Manual search does have advantages. Firstly, Gehennom has a fair amount of equipment lying around - and if you are short on mapping scrolls and marker charges, perhaps you are short of kit generally. Blessed potions of object detection can be used to detect items around the level & reveals the type of some items; as you are wandering around the level, and the stairs are just as likely to be in one place as another, you might as well start by heading towards any interesting items.
Watch out for fire traps - if you don't have intrinsic searching, you are likely to get burned a few times. If you have high luck and bless your cloth/leather armor items, they are unlikely to get burnt.
If you have cold resistance, telepathy, teleport control and enough sources of teleports (ideally the teleportitis intrinsic) then you can let Asmodeus find all the upstairs and downstairs in Gehennom for you once you have found his lair.
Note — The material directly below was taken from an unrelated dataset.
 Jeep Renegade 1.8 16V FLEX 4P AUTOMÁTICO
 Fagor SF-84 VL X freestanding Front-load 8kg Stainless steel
The cold resistance is needed so that Asmodeus can't hurt you as you chase him up through Gehennom.
With Asmodeus next to you, level teleport to the vibrating square level (specifying level 70 should work). Hit him until he teleports away to the upstairs, and use telepathy to see where he is. Teleport next to him and hit him until he runs upstairs. Follow him and repeat this procedure until the stairs on every level are located. It is a good idea to use a stethoscope to make sure you don't accidentally kill him.